Task requirements: Below are the records; repeat them in full, exactly.
------------------------------------------------------------------------
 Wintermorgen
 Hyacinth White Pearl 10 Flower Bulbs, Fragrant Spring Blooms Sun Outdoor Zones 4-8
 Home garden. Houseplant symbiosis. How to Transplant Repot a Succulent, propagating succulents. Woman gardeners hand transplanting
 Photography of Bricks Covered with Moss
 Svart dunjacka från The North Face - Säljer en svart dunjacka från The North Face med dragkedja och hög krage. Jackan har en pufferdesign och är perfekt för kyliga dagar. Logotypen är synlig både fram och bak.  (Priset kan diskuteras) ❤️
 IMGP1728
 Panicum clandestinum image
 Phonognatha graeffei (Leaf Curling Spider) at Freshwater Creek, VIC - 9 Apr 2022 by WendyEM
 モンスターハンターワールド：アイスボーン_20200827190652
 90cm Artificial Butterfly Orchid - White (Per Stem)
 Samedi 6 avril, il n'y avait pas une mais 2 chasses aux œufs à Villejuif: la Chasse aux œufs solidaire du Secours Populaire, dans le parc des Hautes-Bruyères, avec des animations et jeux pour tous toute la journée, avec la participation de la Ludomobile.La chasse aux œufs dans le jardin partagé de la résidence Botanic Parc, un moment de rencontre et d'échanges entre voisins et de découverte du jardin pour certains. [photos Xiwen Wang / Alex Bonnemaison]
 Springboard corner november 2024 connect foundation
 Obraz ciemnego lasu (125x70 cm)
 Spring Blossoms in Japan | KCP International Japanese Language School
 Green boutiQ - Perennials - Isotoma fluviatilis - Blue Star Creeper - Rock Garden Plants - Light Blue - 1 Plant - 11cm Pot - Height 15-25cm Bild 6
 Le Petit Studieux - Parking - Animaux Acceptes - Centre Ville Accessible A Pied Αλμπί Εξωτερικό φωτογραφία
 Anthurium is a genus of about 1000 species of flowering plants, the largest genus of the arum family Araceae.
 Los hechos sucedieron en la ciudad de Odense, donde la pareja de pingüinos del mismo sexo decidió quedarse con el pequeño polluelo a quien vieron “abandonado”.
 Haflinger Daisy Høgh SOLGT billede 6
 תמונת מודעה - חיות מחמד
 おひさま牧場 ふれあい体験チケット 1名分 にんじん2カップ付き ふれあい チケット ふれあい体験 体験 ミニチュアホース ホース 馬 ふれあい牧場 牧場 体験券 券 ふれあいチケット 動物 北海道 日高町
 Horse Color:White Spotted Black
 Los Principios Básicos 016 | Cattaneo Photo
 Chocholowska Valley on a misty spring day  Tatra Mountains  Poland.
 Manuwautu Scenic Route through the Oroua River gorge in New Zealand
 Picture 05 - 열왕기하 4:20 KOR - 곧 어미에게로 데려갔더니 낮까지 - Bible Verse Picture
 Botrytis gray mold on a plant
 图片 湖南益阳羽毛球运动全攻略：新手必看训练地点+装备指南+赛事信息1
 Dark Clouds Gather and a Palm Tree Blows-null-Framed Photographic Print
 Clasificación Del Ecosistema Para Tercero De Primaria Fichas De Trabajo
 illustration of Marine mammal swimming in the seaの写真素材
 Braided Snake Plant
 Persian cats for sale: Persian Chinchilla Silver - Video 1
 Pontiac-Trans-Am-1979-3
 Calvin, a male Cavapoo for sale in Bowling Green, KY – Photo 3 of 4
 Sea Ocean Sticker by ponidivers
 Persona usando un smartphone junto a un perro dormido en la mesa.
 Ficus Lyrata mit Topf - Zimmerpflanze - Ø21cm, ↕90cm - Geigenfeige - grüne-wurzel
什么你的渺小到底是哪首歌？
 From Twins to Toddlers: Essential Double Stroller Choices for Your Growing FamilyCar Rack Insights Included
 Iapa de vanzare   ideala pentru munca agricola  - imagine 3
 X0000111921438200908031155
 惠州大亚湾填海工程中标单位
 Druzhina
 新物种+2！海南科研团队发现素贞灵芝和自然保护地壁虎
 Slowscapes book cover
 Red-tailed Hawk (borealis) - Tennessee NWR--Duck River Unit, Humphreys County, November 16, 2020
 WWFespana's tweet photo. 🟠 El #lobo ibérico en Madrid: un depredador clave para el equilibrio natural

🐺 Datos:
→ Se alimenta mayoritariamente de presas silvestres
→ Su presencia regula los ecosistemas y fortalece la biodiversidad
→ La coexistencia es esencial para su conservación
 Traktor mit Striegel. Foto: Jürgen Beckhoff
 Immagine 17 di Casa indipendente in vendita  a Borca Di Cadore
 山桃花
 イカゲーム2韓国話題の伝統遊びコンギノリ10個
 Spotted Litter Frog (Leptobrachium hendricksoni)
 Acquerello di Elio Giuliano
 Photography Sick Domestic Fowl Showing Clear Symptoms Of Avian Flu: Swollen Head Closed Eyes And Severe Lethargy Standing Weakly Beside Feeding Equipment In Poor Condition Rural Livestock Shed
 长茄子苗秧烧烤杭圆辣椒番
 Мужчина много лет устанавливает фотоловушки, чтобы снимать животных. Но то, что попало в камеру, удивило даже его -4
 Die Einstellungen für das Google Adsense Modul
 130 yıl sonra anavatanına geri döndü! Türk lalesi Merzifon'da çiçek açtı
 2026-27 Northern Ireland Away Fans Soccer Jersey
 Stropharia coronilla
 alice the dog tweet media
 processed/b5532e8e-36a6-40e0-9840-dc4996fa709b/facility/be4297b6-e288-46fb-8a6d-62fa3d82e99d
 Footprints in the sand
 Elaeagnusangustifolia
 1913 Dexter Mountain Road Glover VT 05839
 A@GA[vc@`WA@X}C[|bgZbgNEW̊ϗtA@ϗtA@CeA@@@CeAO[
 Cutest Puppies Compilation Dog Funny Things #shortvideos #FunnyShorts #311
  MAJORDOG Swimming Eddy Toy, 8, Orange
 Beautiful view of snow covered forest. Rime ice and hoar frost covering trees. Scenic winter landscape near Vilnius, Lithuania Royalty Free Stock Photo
------------------------------------------------------------------------
Worked solution:
 Wintermorgen
 Hyacinth White Pearl 10 Flower Bulbs, Fragrant Spring Blooms Sun Outdoor Zones 4-8
 Home garden. Houseplant symbiosis. How to Transplant Repot a Succulent, propagating succulents. Woman gardeners hand transplanting
 Photography of Bricks Covered with Moss
 Svart dunjacka från The North Face - Säljer en svart dunjacka från The North Face med dragkedja och hög krage. Jackan har en pufferdesign och är perfekt för kyliga dagar. Logotypen är synlig både fram och bak.  (Priset kan diskuteras) ❤️
 IMGP1728
 Panicum clandestinum image
 Phonognatha graeffei (Leaf Curling Spider) at Freshwater Creek, VIC - 9 Apr 2022 by WendyEM
 モンスターハンターワールド：アイスボーン_20200827190652
 90cm Artificial Butterfly Orchid - White (Per Stem)
 Samedi 6 avril, il n'y avait pas une mais 2 chasses aux œufs à Villejuif: la Chasse aux œufs solidaire du Secours Populaire, dans le parc des Hautes-Bruyères, avec des animations et jeux pour tous toute la journée, avec la participation de la Ludomobile.La chasse aux œufs dans le jardin partagé de la résidence Botanic Parc, un moment de rencontre et d'échanges entre voisins et de découverte du jardin pour certains. [photos Xiwen Wang / Alex Bonnemaison]
 Springboard corner november 2024 connect foundation
 Obraz ciemnego lasu (125x70 cm)
 Spring Blossoms in Japan | KCP International Japanese Language School
 Green boutiQ - Perennials - Isotoma fluviatilis - Blue Star Creeper - Rock Garden Plants - Light Blue - 1 Plant - 11cm Pot - Height 15-25cm Bild 6
 Le Petit Studieux - Parking - Animaux Acceptes - Centre Ville Accessible A Pied Αλμπί Εξωτερικό φωτογραφία
 Anthurium is a genus of about 1000 species of flowering plants, the largest genus of the arum family Araceae.
 Los hechos sucedieron en la ciudad de Odense, donde la pareja de pingüinos del mismo sexo decidió quedarse con el pequeño polluelo a quien vieron “abandonado”.
 Haflinger Daisy Høgh SOLGT billede 6
 תמונת מודעה - חיות מחמד
 おひさま牧場 ふれあい体験チケット 1名分 にんじん2カップ付き ふれあい チケット ふれあい体験 体験 ミニチュアホース ホース 馬 ふれあい牧場 牧場 体験券 券 ふれあいチケット 動物 北海道 日高町
 Horse Color:White Spotted Black
 Los Principios Básicos 016 | Cattaneo Photo
 Chocholowska Valley on a misty spring day  Tatra Mountains  Poland.
 Manuwautu Scenic Route through the Oroua River gorge in New Zealand
 Picture 05 - 열왕기하 4:20 KOR - 곧 어미에게로 데려갔더니 낮까지 - Bible Verse Picture
 Botrytis gray mold on a plant
 图片 湖南益阳羽毛球运动全攻略：新手必看训练地点+装备指南+赛事信息1
 Dark Clouds Gather and a Palm Tree Blows-null-Framed Photographic Print
 Clasificación Del Ecosistema Para Tercero De Primaria Fichas De Trabajo
 illustration of Marine mammal swimming in the seaの写真素材
 Braided Snake Plant
 Persian cats for sale: Persian Chinchilla Silver - Video 1
 Pontiac-Trans-Am-1979-3
 Calvin, a male Cavapoo for sale in Bowling Green, KY – Photo 3 of 4
 Sea Ocean Sticker by ponidivers
 Persona usando un smartphone junto a un perro dormido en la mesa.
 Ficus Lyrata mit Topf - Zimmerpflanze - Ø21cm, ↕90cm - Geigenfeige - grüne-wurzel
什么你的渺小到底是哪首歌？
 From Twins to Toddlers: Essential Double Stroller Choices for Your Growing FamilyCar Rack Insights Included
 Iapa de vanzare   ideala pentru munca agricola  - imagine 3
 X0000111921438200908031155
 惠州大亚湾填海工程中标单位
 Druzhina
 新物种+2！海南科研团队发现素贞灵芝和自然保护地壁虎
 Slowscapes book cover
 Red-tailed Hawk (borealis) - Tennessee NWR--Duck River Unit, Humphreys County, November 16, 2020
 WWFespana's tweet photo. 🟠 El #lobo ibérico en Madrid: un depredador clave para el equilibrio natural

🐺 Datos:
→ Se alimenta mayoritariamente de presas silvestres
→ Su presencia regula los ecosistemas y fortalece la biodiversidad
→ La coexistencia es esencial para su conservación
 Traktor mit Striegel. Foto: Jürgen Beckhoff
 Immagine 17 di Casa indipendente in vendita  a Borca Di Cadore
 山桃花
 イカゲーム2韓国話題の伝統遊びコンギノリ10個
 Spotted Litter Frog (Leptobrachium hendricksoni)
 Acquerello di Elio Giuliano
 Photography Sick Domestic Fowl Showing Clear Symptoms Of Avian Flu: Swollen Head Closed Eyes And Severe Lethargy Standing Weakly Beside Feeding Equipment In Poor Condition Rural Livestock Shed
 长茄子苗秧烧烤杭圆辣椒番
 Мужчина много лет устанавливает фотоловушки, чтобы снимать животных. Но то, что попало в камеру, удивило даже его -4
 Die Einstellungen für das Google Adsense Modul
 130 yıl sonra anavatanına geri döndü! Türk lalesi Merzifon'da çiçek açtı
 2026-27 Northern Ireland Away Fans Soccer Jersey
 Stropharia coronilla
 alice the dog tweet media
 processed/b5532e8e-36a6-40e0-9840-dc4996fa709b/facility/be4297b6-e288-46fb-8a6d-62fa3d82e99d
 Footprints in the sand
 Elaeagnusangustifolia
 1913 Dexter Mountain Road Glover VT 05839
 A@GA[vc@`WA@X}C[|bgZbgNEW̊ϗtA@ϗtA@CeA@@@CeAO[
 Cutest Puppies Compilation Dog Funny Things #shortvideos #FunnyShorts #311
  MAJORDOG Swimming Eddy Toy, 8, Orange
 Beautiful view of snow covered forest. Rime ice and hoar frost covering trees. Scenic winter landscape near Vilnius, Lithuania Royalty Free Stock Photo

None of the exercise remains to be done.